Requirement: Where the line containing "Portail bloqué par" appears in the entries below, start there and print only that line and every line after it, exactly, through the end, excluding pictures.
*** Recorded data Section Begins ***
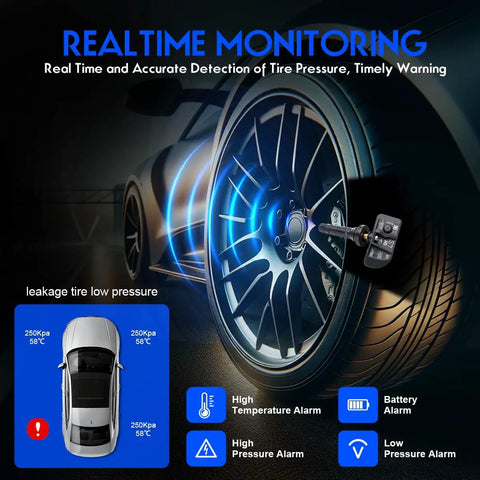 Hella Smooth Ride TPMS Tire Pressure Monitor Sensor Quick Install Replacement shown monitoring tire pressure with alarms.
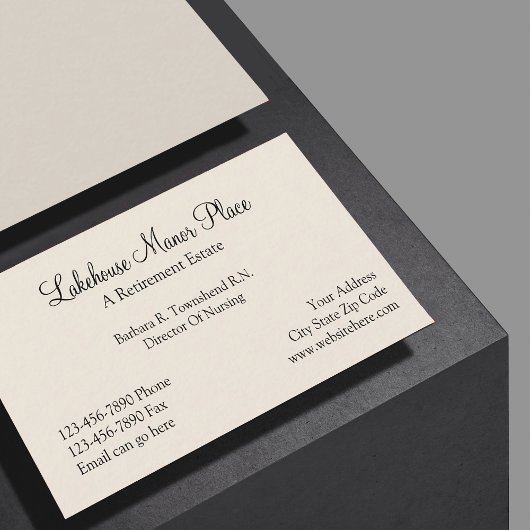 Ruhestands-Zuhause Visitenkarte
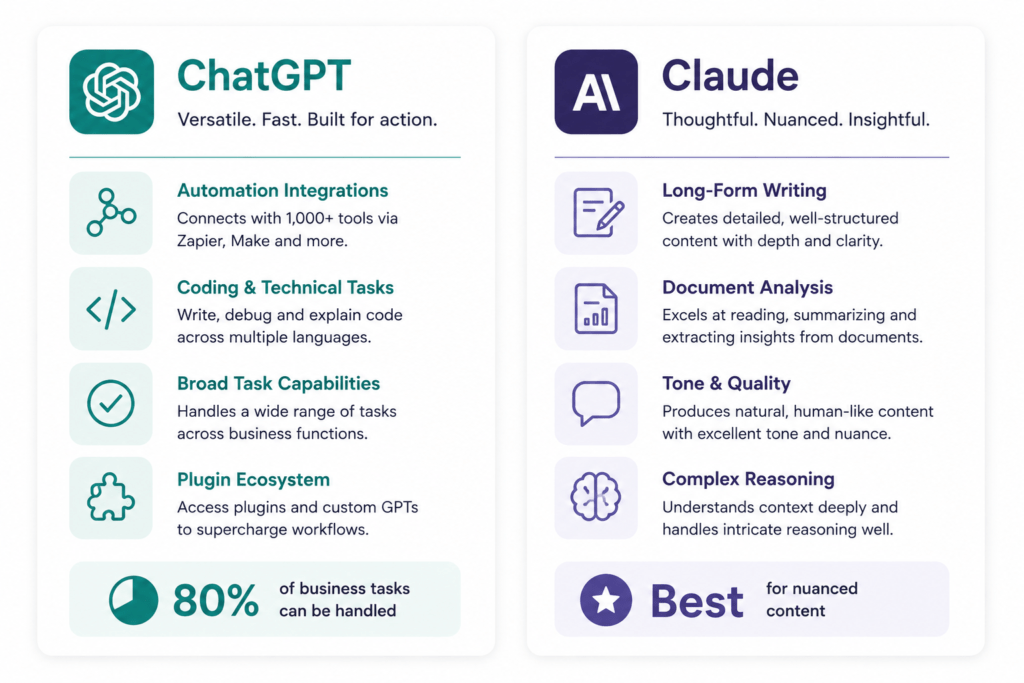 Side-by-side comparison cards for ChatGPT and Claude showing their distinct strengths — ChatGPT for automation and broad tasks versus Claude for nuanced writing and document analysis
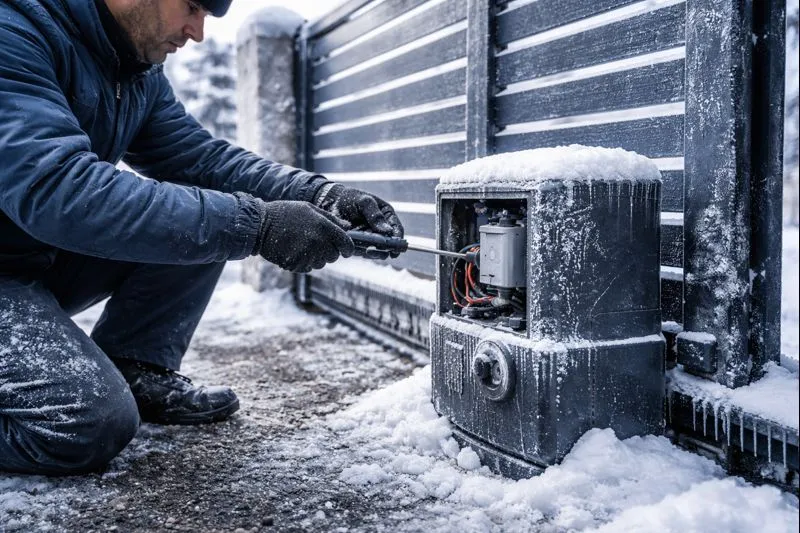 Portail bloqué par le gel ou l'humidité ? Voici quoi faire en hiver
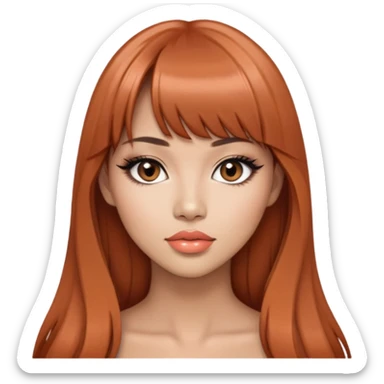 gorgeous woman, light tan skin, very long auburn hair, bangs, black eyes, peach lipstick, model, latina, asian, mixed sticker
*** Recorded data Section Ends ***
Your solution:
 Portail bloqué par le gel ou l'humidité ? Voici quoi faire en hiver
 gorgeous woman, light tan skin, very long auburn hair, bangs, black eyes, peach lipstick, model, latina, asian, mixed sticker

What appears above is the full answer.